The best place to rent the skis are at St Antons at the base of the mountain. They have a locker service where you can leave your boots and skis overnight. There are not many ski-in ski-out options in Nozawa Onsen, so this is the next best option.  It was a 5min walk up to the Yu road (moving walkway) but it can be quite slippery even with normal shoes.


1)Daimon Soba

This was really really good, I think we ate there a couple of times and even came down from the slopes to have it 1 day for lunch. I had udon and soba both hot and cold and with tempura and onsen egg… (onsen egg is like soft boiled egg). The soup is really good after a cold day on the slopes. *must try*

2) Wakagiri

The restaurant has a big menu and the tonkatsu was really good.

3) St Anton

The ski shop is in the basement and the 1st and 2nd floors of the cottage is a café which serves pretty decent food for lunch.I like the beef bowl with onsen egg or the curry

4) Buna on the Slopes

We tried the curry for lunch… it was just soso in my opinion, and more expensive than the places at the bottom of the slopes.

Where we stayed:

Address Nozawa

9535 Nozawa Onsen, Shimotakai-gun, Nagano 389-2502

This ryokan was refurbished in 2011 to a modern style so it was very new when we stayed. We stayed in their Deluxe Studio which had a small pantry, dining area and ensuite. We had the opening offer of ¥20,160 yen per night including a daily continental breakfast pack (¥25,200 the usual price). Eggs, ham, sausages, bread, jam, fruit, and juices were provided in the mini fridge but  you do have to cook your own breakfast. Abit of a bummer since you are on holiday but was still manageable. There is an onsen in the basement in case you don’t feel like walking around the village in your bathrobe. The ryokan is close to all the 2 restaurants listed above and a 5 min walk to the Yu road.

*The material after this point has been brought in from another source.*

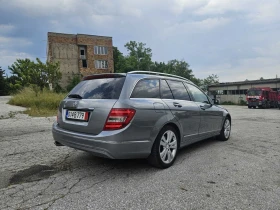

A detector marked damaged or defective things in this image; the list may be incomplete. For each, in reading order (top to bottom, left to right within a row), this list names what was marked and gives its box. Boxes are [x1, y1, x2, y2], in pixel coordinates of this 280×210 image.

cracked asphalt [0, 96, 278, 209]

H and I first visited Japan in Oct 2010 for 2 weeks. Tokyo-Hiroshima-Kyoto-Osaka, with day visits to Kamakura, Himeji, Miyajima and Kobe. Travel by JR is the easiest, the shinkasen is fast, reliable and clean, and the JR pass though not cheap, is the best way to do a big tour around Japan.

Our first experience in Japan was exactly like the movie Lost in translation. Everything was different – the language, the dressing, the culture, and the food! The food we had was mind blowing! Even simple hole in the wall shops, or shops under a railroad track served food that was so good that we couldn’t eat Japanese food back home for a few months. We had staple Japanese food done to perfection – soba noodles, katsu, tempura, all simple food but both the freshness of the produce and the skill of preparation shine through.

Japan also has the best snow. My opinion might not carry much weight since Zermatt was the only other place I’ve skied at, but H would know as he has skied around Europe growing up. It really is powder snow, and that is great for a clumsy skier like me. I am dead tired after a day out in the mountains and a soak in the onsen is a remedy for sore muscles.  It suits us that the apres ski scene is not that big as we both prefer to have a good meal and collapse in bed straight after. We’ve done 2 seasons in Japan so far and can’t wait to explore the other mountains in the years to come.